Greece protest Image νΚΑ TwitterIn addition to the railway workers, who are striking en masse, thousands of workers and young people mobilised in the squares of dozens of cities / Image: νΚΑ, Twitter

In addition, in the committee for the “investigation of the tragedy”, they appointed Athanasios Zeliaskopoulos, the man who served as President and CEO of TRAINOSE during the period 2010-2015, where the biggest cuts were made and the remote control system stopped working (he eventually resigned a day after his appointment due to an outpouring of rage).

This sordid scheme to cover up the crime must not succeed! Already, the revelations of the dismantling of the railways, but also the insolent government propaganda itself, have caused a tsunami of righteous anger and indignation.

In addition to the railway workers, who are striking en masse, thousands of workers and young people mobilised in the squares of dozens of cities. There were also sit-ins at dozens of schools. On Sunday 5 March, there was a mass rally of 50,000 mostly young people, called by the trade unions of the rail workers, as well as ADEDY (the public workers’ union). The rally would undoubtedly have been larger if the police did not attack it brutally and break it up using teargas. 

Thus, we see before us further evidence of the radicalising consciousness, especially of the youth, who are reacting to the rot, decadence and criminal nature of the capitalist system, as well as the government and the state that represent it.

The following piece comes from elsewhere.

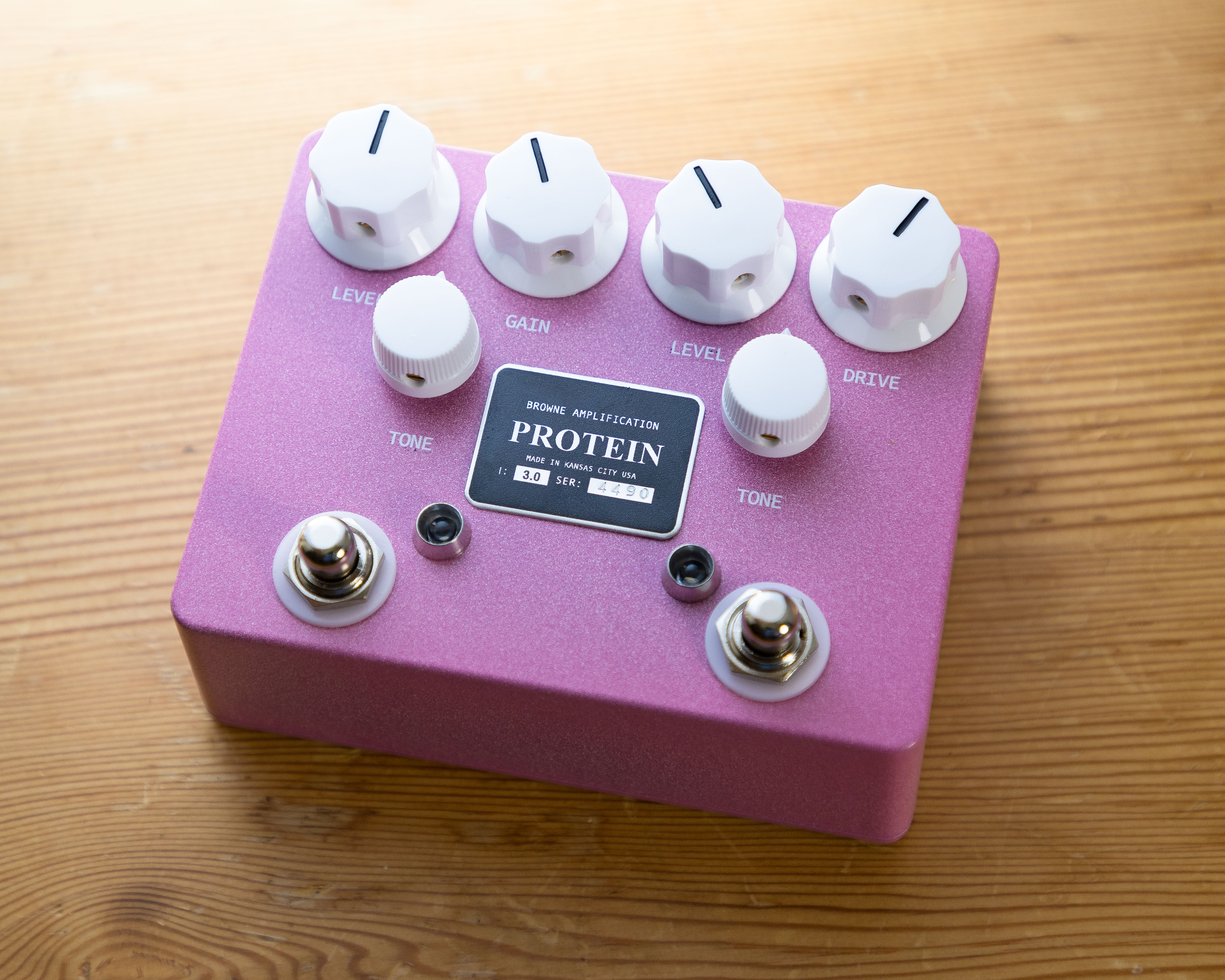 Browne Amplification - Protein Dual Overdrive V3 - Pink and White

This combative mood, however, is unfortunately undermined, first of all, by the passive attitude of the SYRIZA leadership. Feeling its co-responsibility as the pioneer of privatisation in 2017, it follows a shameless policy of "silent mourning", behind which the government tries to avoid the blows of popular anger. Moreover, for its part, the leadership of the KKE once again split the mobilisations, refusing to coordinate with the other forces in the labour movement and the youth, and thus, with the help of the sectarian organisations calling rallies of their own, do everything in their power to fragment and tire the movement out prematurely, with hasty, disorganised and fragmented calls to action.

But the enormous social impact of this issue, as well as the magnitude of the effect of this crime on the consciousness of workers and youth, require the best possible coordination and the greatest possible unity of all of the forces in struggle.

  • No to the ‘silent protest’, which is convenient for covering up the crime of Tempi! No common mourning with those responsible for the crime! For a massive and militant struggle to punish the guilty!
  • For an independent investigation by the unions representing workers on the railways, and other unions, in collaboration with specialists and lawyers under the authority of the labour movement, to publish a truly objective conclusion on the causes of the bloody tragedy and identify those responsible!
  • No to fragmented and disorganised mobilisations! For joint preparation by all the mass organisations of the labour movement, the youth and the left, of a 48-hour general strike in the next few days, with the creation of committees of struggle in every workplace, neighbourhood, school and faculty, building towards a central nationwide coordination!
  • A continuous struggle must be built for and waged until the corrupt right-wing ND government is overthrown! For the election of a labour government that will re-nationalise rail transport, under workers’ control!